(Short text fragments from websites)
_ _ _ _ _
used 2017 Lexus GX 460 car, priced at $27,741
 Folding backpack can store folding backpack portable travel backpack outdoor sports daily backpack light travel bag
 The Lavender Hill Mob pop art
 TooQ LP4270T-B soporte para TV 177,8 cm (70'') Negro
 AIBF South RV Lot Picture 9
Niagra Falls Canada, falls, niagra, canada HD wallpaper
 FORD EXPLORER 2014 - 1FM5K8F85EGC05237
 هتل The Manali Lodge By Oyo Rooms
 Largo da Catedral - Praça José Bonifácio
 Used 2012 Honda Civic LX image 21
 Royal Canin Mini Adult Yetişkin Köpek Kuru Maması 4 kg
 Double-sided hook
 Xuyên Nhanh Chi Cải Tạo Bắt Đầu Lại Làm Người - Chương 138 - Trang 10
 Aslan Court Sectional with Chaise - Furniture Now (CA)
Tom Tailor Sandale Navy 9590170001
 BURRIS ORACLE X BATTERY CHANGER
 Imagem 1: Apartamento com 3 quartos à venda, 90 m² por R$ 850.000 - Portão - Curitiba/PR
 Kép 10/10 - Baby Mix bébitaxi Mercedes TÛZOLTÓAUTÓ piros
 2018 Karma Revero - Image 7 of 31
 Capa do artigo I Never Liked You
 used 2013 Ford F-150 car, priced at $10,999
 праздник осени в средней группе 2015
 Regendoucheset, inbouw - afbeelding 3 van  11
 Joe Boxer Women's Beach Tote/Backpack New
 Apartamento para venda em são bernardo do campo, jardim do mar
_ _ _ _ _
Problem to solve — Beginning with the line that contains "used 2013 Ford F-150 car, priced at $10,999", write out every line through the end of the entries above, exactly.

Task response —
 used 2013 Ford F-150 car, priced at $10,999
 праздник осени в средней группе 2015
 Regendoucheset, inbouw - afbeelding 3 van  11
 Joe Boxer Women's Beach Tote/Backpack New
 Apartamento para venda em são bernardo do campo, jardim do mar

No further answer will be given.